|
The syntax isn't self-describing and uses lots of abbreviations; it relies on some R magic that I found confusing when learning (unquoted column names and special builtin variables); and data.table is just a different approach to SQL and other dataframe libraries. Here's an example from the docs flights[carrier == "AA",
lapply(.SD, mean),
by = .(origin, dest, month),
.SDcols = c("arr_delay", "dep_delay")]
that's clearly less clear than SQL SELECT
origin, dest, month,
MEAN(arr_delay), MEAN(dep_delay)
FROM flights
WHERE carrier == "AA"
GROUP BY arr_delay, dep_delay
or pandas flights[filghts.carrier == 'AA'].groupby(['arr_delay', 'dep_delay']).mean()
But once you get used to it data.table makes a lot of sense: every operation can be broken down to filtering/selecting, aggregating/transforming, and grouping/windowing. Taking the first two rows per group is a mess in SQL or pandas, but is super simple in data.table flights[, head(.SD, 2), by = month]
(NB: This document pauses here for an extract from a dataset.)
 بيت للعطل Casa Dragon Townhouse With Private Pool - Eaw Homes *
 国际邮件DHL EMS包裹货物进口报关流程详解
That data.table has significantly better performance than any other dataframe library in any language is a nice bonus! |
flights.groupby("month").head(2)
Not only is does this have all the same keywords, but it is organized in a much clearer way to newcomers and labels things to look up in the API. Whereas your R code has a leading comma, .SD, and a mix of quotes and non-quotes for references to columns. You even admit the last was confusing to learn. This can all be crammed in your head, but not what I would call thoughtfully designed.